One of the urgent issues that Barack Obama must address is how the National Security Administration (NSA) should operate. In January, the U.S. president will announce his plans to regulate the surveillance activities carried out by the intelligence services. It is a promise that cannot be postponed. The uncontrolled appetite of U.S. espionage, exposed by Edward Snowden, demands an immediate policy response from the White House.
The slow leak of information by the former NSA employee and his colleagues has eroded the American image and ability to maneuver. It has affected U.S. relations with even its closest allies. Leaks reveal the global monitoring of phone calls and the Internet in pursuit of terrorists as well as direct spying for political, and sometimes even commercial, ends. In fact, last Friday it came out that NSA had intercepted cell phone calls made by Joaquín Almunia, vice president of the European Commission, when, at the dawn of the 2008 crisis, he was responsible for the economic affairs.
Since June, Obama has not stopped excusing himself to the leaders in question. Now he should take the next step of acting in concrete ways to end to the abuse. The report created by a committee of experts (which he appointed) is on his desk. It proposes ways to limit the reach of espionage, including greater presidential control of certain decisions and the placement of a team of lawyers inside the secret court which — seemingly as just a formality — authorizes NSA operations.

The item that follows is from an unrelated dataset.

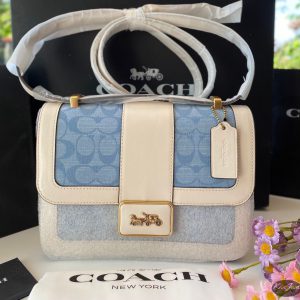 COACH (No.C4691)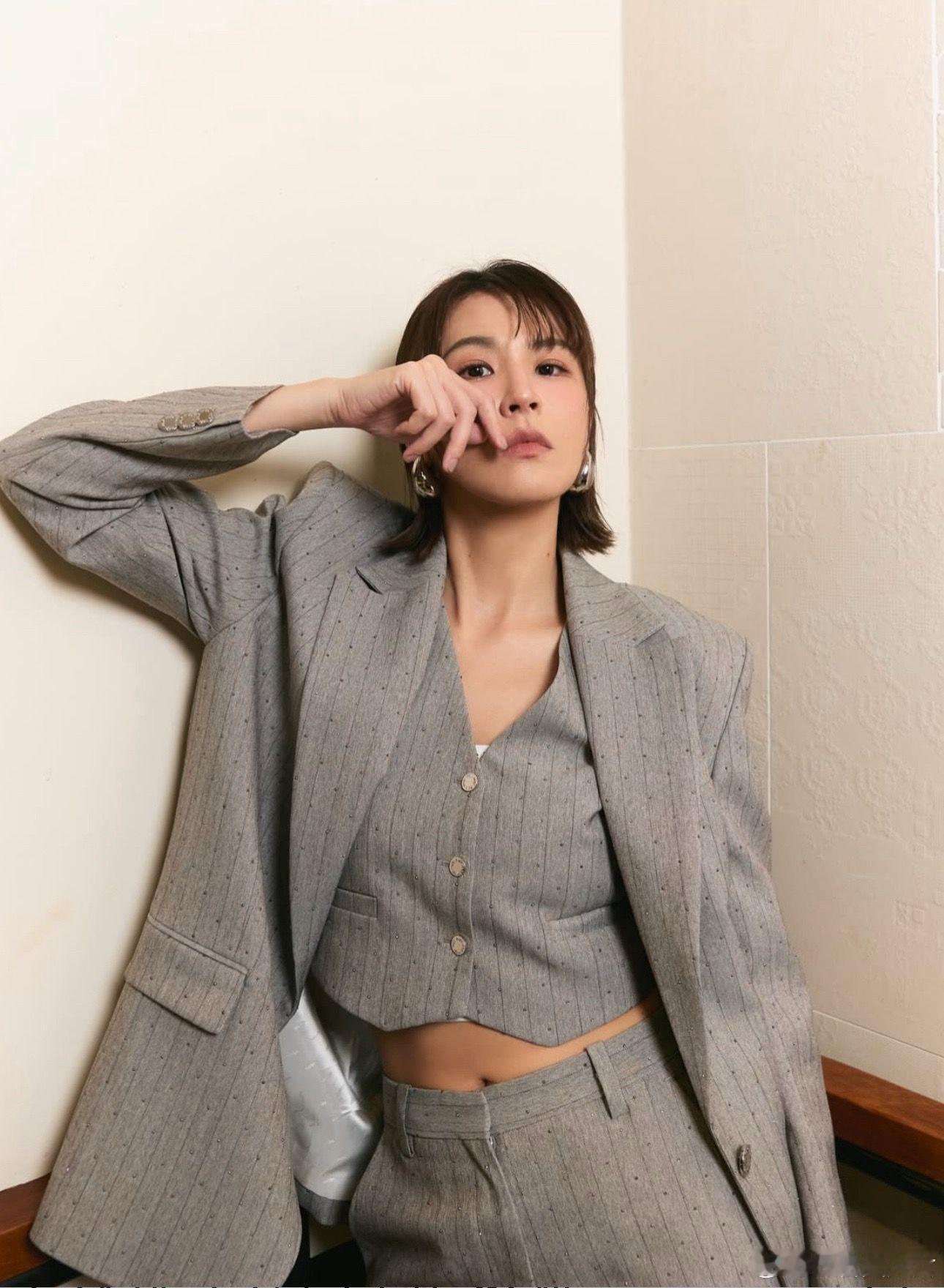 张月曾沛慈徐梦洁直拍榜TOP3✨ 《乘风2026》直拍三强锁定！情怀拉满的曾沛慈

Other suggestions, such as leaving the collection and storage of metadata to telephone companies or some private entity, have been rejected by those responsible for intelligence.
The report is linked to a judicial decision that questions — appropriately — the constitutionality of electronic surveillance programs created after 9/11 based on the grounds of arbitrary and indiscriminate invasion of privacy. This case and at least three others will likely reach the Supreme Court.
Obama should restore confidence because terrorist networks create challenges that require international collaboration. Thus, it is essential that NSA be adequately supervised. This might also be the right moment to review the Patriot Act, which has enabled these and other serious excesses.